--- Available records Enclosed Below ---

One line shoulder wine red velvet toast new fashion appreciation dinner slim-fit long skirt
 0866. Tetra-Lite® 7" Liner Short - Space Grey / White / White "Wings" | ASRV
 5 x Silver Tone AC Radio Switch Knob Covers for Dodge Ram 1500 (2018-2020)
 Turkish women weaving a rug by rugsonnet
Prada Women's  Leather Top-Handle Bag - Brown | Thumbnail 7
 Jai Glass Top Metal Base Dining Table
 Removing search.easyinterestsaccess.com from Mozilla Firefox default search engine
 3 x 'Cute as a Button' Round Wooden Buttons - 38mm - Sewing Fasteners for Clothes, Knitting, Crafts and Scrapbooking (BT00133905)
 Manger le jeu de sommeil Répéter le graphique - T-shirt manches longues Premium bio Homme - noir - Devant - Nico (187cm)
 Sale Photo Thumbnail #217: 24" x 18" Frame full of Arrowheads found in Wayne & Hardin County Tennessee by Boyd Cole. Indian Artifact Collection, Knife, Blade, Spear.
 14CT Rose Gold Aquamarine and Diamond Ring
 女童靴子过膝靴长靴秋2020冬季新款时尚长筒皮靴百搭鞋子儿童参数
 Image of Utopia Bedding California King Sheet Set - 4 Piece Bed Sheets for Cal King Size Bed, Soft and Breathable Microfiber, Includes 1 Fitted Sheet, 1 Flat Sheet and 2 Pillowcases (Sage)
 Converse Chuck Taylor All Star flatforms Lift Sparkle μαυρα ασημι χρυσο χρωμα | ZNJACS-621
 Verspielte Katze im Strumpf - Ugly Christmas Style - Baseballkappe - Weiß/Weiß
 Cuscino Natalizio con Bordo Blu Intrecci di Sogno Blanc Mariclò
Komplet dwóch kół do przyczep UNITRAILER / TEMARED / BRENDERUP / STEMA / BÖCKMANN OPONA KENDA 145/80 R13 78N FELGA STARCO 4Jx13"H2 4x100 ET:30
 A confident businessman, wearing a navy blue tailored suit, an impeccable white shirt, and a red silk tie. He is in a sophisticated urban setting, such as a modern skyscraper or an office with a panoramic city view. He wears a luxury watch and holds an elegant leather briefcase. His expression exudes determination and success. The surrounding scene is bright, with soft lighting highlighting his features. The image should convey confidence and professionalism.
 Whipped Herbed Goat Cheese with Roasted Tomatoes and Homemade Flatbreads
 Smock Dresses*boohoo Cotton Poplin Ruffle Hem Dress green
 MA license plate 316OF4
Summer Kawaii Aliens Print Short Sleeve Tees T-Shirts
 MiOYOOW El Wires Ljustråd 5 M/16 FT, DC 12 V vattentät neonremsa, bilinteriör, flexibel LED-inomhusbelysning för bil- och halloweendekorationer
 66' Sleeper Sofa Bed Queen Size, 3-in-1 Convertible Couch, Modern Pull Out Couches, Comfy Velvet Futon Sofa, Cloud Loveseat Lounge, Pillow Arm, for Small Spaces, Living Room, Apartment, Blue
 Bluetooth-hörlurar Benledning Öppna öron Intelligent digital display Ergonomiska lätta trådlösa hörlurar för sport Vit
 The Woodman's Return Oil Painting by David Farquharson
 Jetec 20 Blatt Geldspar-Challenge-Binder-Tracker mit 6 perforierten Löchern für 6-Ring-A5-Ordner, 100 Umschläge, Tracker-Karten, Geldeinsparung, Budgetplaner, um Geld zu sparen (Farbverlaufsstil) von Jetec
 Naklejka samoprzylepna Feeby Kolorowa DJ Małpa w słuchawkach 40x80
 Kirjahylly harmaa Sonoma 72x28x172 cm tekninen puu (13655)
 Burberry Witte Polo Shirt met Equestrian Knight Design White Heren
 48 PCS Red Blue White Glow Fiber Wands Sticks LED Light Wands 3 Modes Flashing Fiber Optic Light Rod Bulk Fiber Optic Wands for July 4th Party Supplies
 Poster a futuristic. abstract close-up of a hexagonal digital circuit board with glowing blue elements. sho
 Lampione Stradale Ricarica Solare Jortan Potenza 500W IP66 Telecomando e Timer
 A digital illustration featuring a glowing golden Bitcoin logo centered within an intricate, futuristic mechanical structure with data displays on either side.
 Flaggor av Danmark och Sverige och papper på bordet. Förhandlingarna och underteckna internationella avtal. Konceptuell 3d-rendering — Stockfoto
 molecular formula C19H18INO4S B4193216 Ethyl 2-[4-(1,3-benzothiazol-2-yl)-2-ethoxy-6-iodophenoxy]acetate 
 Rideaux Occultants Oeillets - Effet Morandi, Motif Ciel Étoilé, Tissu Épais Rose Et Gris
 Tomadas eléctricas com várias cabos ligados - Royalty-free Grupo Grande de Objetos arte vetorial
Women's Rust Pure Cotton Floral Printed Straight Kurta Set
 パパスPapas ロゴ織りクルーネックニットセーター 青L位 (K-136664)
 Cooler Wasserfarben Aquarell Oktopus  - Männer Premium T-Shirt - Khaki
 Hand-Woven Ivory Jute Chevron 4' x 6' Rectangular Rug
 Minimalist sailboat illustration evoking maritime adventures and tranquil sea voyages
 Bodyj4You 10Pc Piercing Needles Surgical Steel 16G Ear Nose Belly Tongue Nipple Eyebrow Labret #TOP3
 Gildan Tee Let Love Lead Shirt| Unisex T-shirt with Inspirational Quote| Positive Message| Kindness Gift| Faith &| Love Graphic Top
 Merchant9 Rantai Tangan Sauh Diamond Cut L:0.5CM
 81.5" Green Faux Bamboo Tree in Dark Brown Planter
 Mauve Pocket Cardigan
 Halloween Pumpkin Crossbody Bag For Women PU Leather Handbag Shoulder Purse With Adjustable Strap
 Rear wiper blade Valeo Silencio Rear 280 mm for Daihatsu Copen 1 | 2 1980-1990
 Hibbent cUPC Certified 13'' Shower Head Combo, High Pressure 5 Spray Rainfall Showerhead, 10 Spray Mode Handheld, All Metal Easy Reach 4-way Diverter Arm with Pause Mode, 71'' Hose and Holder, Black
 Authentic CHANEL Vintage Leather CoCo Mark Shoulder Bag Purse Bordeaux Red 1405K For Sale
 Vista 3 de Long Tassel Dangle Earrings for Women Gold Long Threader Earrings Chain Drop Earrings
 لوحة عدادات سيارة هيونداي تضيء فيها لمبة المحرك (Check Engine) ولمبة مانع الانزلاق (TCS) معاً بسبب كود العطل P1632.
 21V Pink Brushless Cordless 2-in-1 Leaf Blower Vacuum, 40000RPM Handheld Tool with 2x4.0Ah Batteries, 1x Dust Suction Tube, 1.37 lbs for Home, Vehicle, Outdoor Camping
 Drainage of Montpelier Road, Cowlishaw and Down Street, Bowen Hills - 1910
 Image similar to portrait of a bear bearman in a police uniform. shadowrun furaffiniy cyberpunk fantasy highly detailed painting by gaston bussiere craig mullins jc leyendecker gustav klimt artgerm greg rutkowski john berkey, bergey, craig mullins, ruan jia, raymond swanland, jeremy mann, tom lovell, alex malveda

--- End of Enclosed Available records ---

# [Work task]
Among the entries above, some lines may hold the string "Premium". State how many, and give nothing but the number.

# [Response]
2